Submitted by AWL on 20 January, 2014 - 11:49

In Solidarity 242 (18 April 2012), we began publishing a series of recollections and reflections from activists who had been involved with the “third camp” left in the United States — those “unorthodox” Trotskyists who believed that the Soviet Union was not a “workers’ state” (albeit a “degenerated” one), but an exploitative form of class rule to be as opposed as much as capitalism. They came to be organised under the slogan “neither Washington nor Moscow.”

The assessment of the “third camp” tradition by the majority of the modern-day revolutionary left is bound up with the continuing holy terror of that “original sin”; many Trotskyist groups still see the remaining Stalinist states as some form of working-class rule, and even those that formally do not (such as the British SWP and its international satellites) have superimposed the template of Cold War “my-enemy’s-enemy-is-my-friend”-ism onto the modern world and see such forces as political Islam as progressive potential allies against the dominant (US) imperialism.

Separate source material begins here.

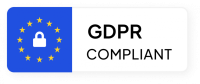 gdpr compliant pd966nor0t4ypalqme2tdbc9accmdhx8r309rqm6f4 200x84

Retrospective assessment of the third camp tradition is also coloured by legitimate contempt for the political suicide of its most prominent theoretician and sometime figurehead, Max Shachtman, who eventually became an apologist for US imperialism.
Workers’ Liberty has, over a number of decades, attempted to rediscover and re-examine the tradition of “third camp” socialism, and to attempt to learn from it. This symposium brings together the reflections of activists from both the “first generation” of third camp organisations — the Workers Party, which split from the American SWP in 1940 and became the Independent Socialist League in 1949, before entering the reformist Socialist Party of America in 1957 and dissolving — and the “second generation” — the Independent Socialist Clubs of America (founded in 1967 as a federation of loose third camp groupings on various college campuses which were founded some years earlier), and later the International Socialists (founded in 1968).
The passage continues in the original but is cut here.